The Customs and Inland Revenue Act 1885 (48 & 49 Vict. c. 51) was an act of the Parliament of the United Kingdom that granted certain duties of customs and inland revenue, and amended the laws relating to customs and inland revenue.

== Provisions ==
=== Repealed enactments ===
Section 10 of the act repealed 7 enactments, listed in the schedule to the act.
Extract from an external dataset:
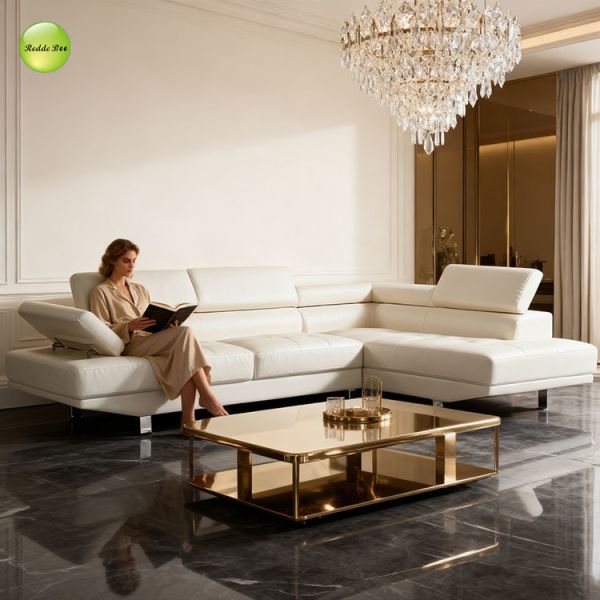 Leather Corner Sofa: Luxe Recliner, Plush Comfort – Minimalist Statement Spaces Perfect
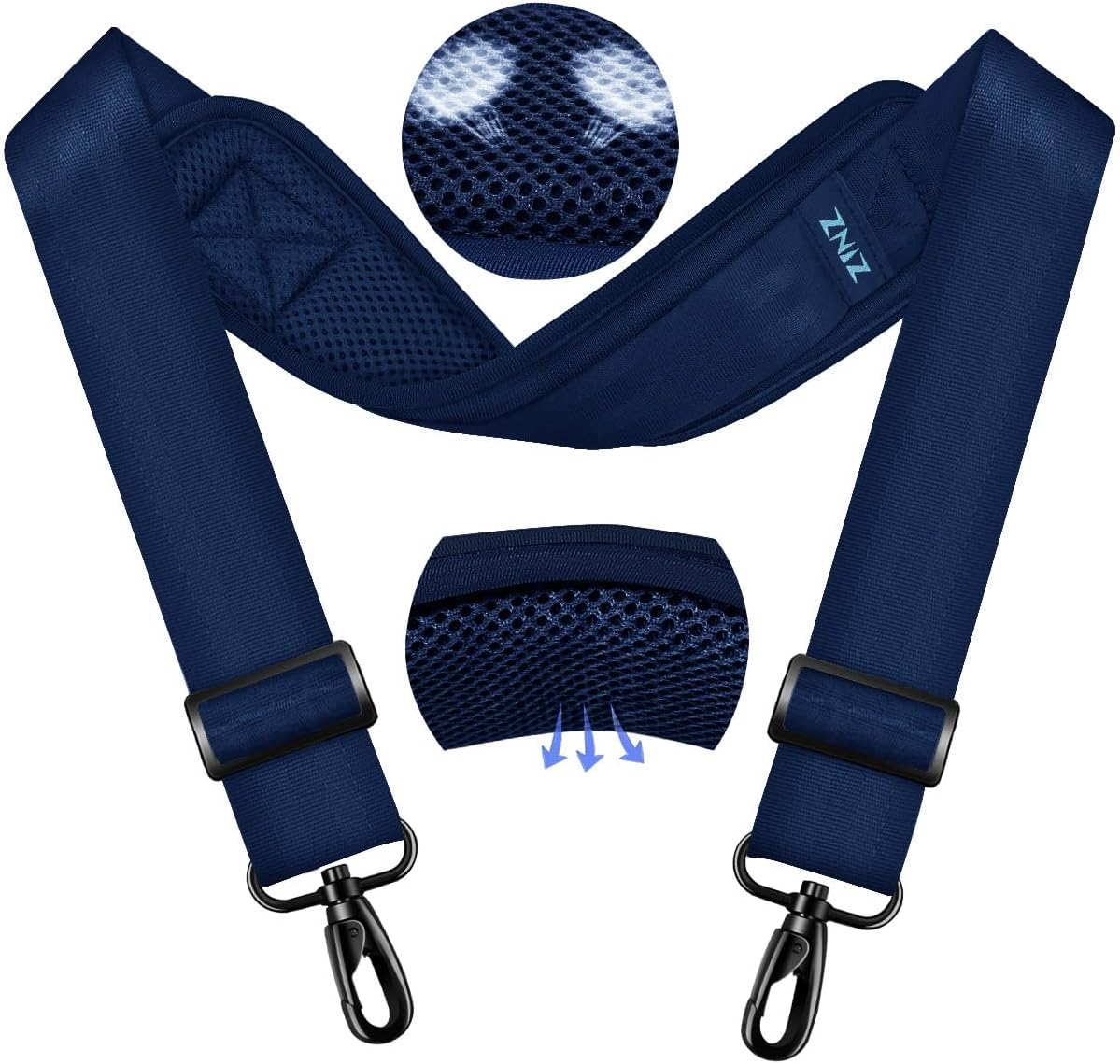 ZINZ 79.5" Universal Strap with Ultra-Thick Fixed Breathable Pad - Adjustable Heavy-Duty Shoulder Strap for Laptop, Crossbody, Luggage, Gym, Camera Bag and More - D01B01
| Citation | Short title | Description | Extent of repeal |
|---|---|---|---|
| 56 Geo. 3. c. 58 | Beer Act 1816 | An Act to repeal an Act made in the fifty-first year of His present Majesty, for allowing the manufacture and use of a liquor prepared from sugar for colouring porter. | The whole act. |
| 23 & 24 Vict. c. 129 | Excise on Spirits Act 1860 | An Act to grant Excise duties on British spirits, and on spirits imported from the Channel Islands. | Section 4. |
| 25 & 26 Vict. c. 22 | Revenue Act 1862 | An Act to continue certain duties of Customs and Inland Revenue for the service of Her Majesty, and to grant, alter, and repeal certain other duties. | Section 20. |
| 27 & 28 Vict. c. 12 | Warehousing of British Spirits Act 1864 | An Act to amend the laws relating to the warehousing of British spirits. | Section 12. |
| 28 & 29 Vict. c. 98 | Warehousing of British Compounded Spirits Act 1865 | An Act to allow British compounded spirits to be warehoused upon drawback. | Section 12. |
| 44 & 45 Vict. c. 12 | Customs and Inland Revenue Act 1881 | The Customs and Inland Revenue Act, 1881. | Section 16. |
| 45 & 46 Vict. c. 72 | Revenue, Friendly Societies, and National Debt Act 1882 | The Revenue Friendly Societies and National Debt Act, 1882. | Section 4. |

== Subsequent developments ==
The whole act was repealed for Northern Ireland by section 1 of, and the first schedule to, the Statute Law Revision Act 1953 (2 & 3 Eliz. 2. c. 5), which came into force on 18 December 1953.

The whole act was repealed for England and Wales and Scotland by section 32 of, and part III of the eighth schedule to, the Finance Act 1959 (7 & 8 Eliz. 2. c. 58), which came into force on 29 July 1959; the repeal had effect in relation to any yearly period beginning after 5 April 1959.